Normil Hawaiians Empires Into Sand
- Format
12 Inch
Black
£18.00
‘Nothing, nothing done for the right reason…We’re just slaves to greed, ignorance, manipulation…Where once cogs turned, now unseen…Truth is hidden, obscured by a screen’ (In The Stone)
Normil Hawaiians are a post-punk collective hailing from South London, who were initially active between 1979 and 1986. They released three LPs and a raft of EPs during their original incarnation, a period during which their sound evolved in increasingly experimental directions. The 2015 release by Upset The Rhythm of the band’s ‘lost’ album, Return Of The Ranters, which was recorded in 1984/85, inspired the band to start playing music together again. A series of live shows and new 7-inch in 2020 followed, before the band convened to record their first new album in nearly forty years.
Empires Into Sand stays true to the band’s latter-day roots of improvisation and experimentation, expertly fusing elements of ambient drone, driving motorik beats, and haunting folk. The result is a shimmering, immersive soundscape defined by lush yet sparingly deployed instrumentation. The songs take on an almost spectral quality as they weave together samples, interludes, and passages of spoken word to hypnotic effect, simultaneously both fragile and all-enveloping.

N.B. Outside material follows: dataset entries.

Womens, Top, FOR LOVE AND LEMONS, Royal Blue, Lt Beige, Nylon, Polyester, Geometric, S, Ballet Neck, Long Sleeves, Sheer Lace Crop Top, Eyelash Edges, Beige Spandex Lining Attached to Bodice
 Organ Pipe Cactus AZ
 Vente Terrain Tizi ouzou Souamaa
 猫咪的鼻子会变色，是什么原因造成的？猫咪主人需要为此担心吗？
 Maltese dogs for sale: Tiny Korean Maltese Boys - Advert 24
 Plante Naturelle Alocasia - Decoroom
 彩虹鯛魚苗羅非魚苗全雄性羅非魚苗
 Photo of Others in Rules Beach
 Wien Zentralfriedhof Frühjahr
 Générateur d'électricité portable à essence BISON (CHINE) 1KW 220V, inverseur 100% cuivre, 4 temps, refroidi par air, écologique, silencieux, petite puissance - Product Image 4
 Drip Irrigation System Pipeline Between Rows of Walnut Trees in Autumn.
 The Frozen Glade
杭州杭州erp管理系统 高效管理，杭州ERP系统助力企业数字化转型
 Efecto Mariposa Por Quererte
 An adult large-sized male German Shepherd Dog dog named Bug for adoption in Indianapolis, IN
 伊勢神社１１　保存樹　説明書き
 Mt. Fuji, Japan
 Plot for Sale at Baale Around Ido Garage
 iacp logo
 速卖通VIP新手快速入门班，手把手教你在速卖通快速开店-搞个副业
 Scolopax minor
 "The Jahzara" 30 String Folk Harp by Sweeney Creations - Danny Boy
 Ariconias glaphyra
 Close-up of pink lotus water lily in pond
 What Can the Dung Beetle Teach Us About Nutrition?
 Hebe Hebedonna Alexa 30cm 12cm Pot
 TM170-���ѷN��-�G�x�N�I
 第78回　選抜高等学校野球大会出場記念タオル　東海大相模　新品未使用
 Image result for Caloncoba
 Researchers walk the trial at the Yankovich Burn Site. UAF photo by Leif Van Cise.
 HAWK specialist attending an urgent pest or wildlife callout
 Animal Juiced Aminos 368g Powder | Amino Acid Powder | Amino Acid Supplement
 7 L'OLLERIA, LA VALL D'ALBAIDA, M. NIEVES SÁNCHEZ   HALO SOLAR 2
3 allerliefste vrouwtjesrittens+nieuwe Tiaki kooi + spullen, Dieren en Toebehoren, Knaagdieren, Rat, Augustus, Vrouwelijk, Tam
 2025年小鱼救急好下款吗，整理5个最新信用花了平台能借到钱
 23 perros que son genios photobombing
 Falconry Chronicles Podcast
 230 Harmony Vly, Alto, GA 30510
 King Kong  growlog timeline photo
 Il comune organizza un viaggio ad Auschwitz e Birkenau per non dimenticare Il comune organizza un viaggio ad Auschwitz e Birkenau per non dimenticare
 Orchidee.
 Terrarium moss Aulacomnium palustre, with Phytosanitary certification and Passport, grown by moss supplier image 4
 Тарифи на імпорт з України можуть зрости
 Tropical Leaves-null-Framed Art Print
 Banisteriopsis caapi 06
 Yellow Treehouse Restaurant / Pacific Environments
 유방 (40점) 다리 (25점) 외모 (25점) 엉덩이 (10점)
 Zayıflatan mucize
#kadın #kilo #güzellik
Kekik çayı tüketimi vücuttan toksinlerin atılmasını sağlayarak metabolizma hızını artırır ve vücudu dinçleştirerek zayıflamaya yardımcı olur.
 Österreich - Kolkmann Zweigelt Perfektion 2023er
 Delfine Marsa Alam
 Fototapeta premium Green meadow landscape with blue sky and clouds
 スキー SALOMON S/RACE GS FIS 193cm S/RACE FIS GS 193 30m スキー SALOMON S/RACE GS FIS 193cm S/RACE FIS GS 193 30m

The album’s lyrical focus is primed by the opening tracks Exiles and Ghosts Of Ballochroy. The former using samples to explore the plight of migrants, the latter darkly allusive poetry narrated by Scottish poet Rodney Relax to skewer the inequality riven through our society. These are themes that are returned to on the meditative We Stand Together and the cosmic-tinged Big City Sky. But, perhaps, the stand-out tracks are the beautiful, mournfully layered In The Stone and the more personal Back Home To The Stars, a thoroughly moving tribute to band member Mark Tyler who died during the recording of the album.